The experience in Honduras when I started this work was that, as I said, the percentage of convictions of people who were not found committing was 0%. That meant that every time they had to investigate, they weren't getting anybody convicted. You ask, why is that? Is there no will? Don't they care?
Part of it has to do with the fact that they're creating this new system and there are some serious dysfunctions in the way that it has been put. For example, prosecutors didn't exist under the old system. The ministerio públicos are new.
For example, one of the issues we're doing with Honduras right now is what we call the 72-hour initiative, because the way they're structured is.... What happens first of all, you have to understand, is that in a hybrid system, it's not the police who investigate. The police investigate under the direction of the prosecutor. So here you have prosecutors that come out of law school as lawyers. They get hired to be prosecutors. They don't have any police training. They don't know what a crime scene looks like. They don't know how to investigate.

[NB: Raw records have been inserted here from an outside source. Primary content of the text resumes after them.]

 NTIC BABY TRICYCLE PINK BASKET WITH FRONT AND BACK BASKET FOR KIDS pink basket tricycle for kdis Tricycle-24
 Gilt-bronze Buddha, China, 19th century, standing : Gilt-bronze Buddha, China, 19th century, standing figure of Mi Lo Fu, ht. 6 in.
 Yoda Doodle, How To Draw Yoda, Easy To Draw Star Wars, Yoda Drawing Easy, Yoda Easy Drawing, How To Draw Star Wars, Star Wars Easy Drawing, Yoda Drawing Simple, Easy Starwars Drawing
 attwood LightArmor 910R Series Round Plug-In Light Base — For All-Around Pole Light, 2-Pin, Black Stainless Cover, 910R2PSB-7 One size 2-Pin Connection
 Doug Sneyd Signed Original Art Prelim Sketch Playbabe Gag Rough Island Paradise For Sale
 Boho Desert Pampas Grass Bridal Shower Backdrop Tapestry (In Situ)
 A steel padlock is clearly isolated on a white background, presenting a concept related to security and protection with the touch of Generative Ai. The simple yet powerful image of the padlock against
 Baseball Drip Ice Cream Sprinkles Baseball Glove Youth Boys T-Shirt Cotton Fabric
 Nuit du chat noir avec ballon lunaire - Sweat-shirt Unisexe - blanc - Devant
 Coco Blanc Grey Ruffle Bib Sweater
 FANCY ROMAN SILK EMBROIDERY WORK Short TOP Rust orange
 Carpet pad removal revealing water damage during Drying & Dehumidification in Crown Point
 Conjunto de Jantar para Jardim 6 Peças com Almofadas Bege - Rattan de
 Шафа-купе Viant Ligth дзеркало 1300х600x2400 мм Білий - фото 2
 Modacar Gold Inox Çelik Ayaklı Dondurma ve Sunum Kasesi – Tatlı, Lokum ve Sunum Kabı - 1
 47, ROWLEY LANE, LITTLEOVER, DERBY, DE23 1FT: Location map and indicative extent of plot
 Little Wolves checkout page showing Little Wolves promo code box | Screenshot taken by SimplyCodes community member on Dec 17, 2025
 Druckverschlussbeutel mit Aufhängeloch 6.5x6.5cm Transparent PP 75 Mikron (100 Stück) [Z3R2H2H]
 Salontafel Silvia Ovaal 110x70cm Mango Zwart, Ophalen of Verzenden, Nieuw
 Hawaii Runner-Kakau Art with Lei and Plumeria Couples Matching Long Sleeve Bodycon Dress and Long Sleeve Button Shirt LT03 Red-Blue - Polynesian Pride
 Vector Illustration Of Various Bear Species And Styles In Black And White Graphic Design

We've been trying to address that dysfunction. We've actually been giving them training on how you direct a crime scene. Because if somebody is killed, what will go out with the prosecutor will be a technical team whose job it is to process the murder.
Now, the difference between us and them is that they have so many murders that the time you have to process a murder is probably two hours, as opposed to a whole day or two days. We've been working on training the technical teams, saying, look, we have to get them tight and we have to get them to the highest standards possible, because they can be. But then we have to train the prosecutor to know how to direct them and how to collect the evidence properly, because the prosecutor has to take control of the evidence afterwards.
But then what happens, you see, on the 72-hour problem we've run into, is the way that they structure.... This is what Guatemala was 12 years ago. They created a 24-hour turn. In a place like Tegucigalpa, they'll have a prosecutor who is on shift for one 24-hour period every 20 days. For 24 hours, they have to handle all the scenes with the teams. Then what happens is that they take two days off. They write up the report on the third day. On the fourth day, they transfer it to another prosecutor, who takes over the investigation. We're saying that this is crazy, so we're working on what we call a 72-hour thing. We've brought this to Guatemala, which has implemented this, so they can see it.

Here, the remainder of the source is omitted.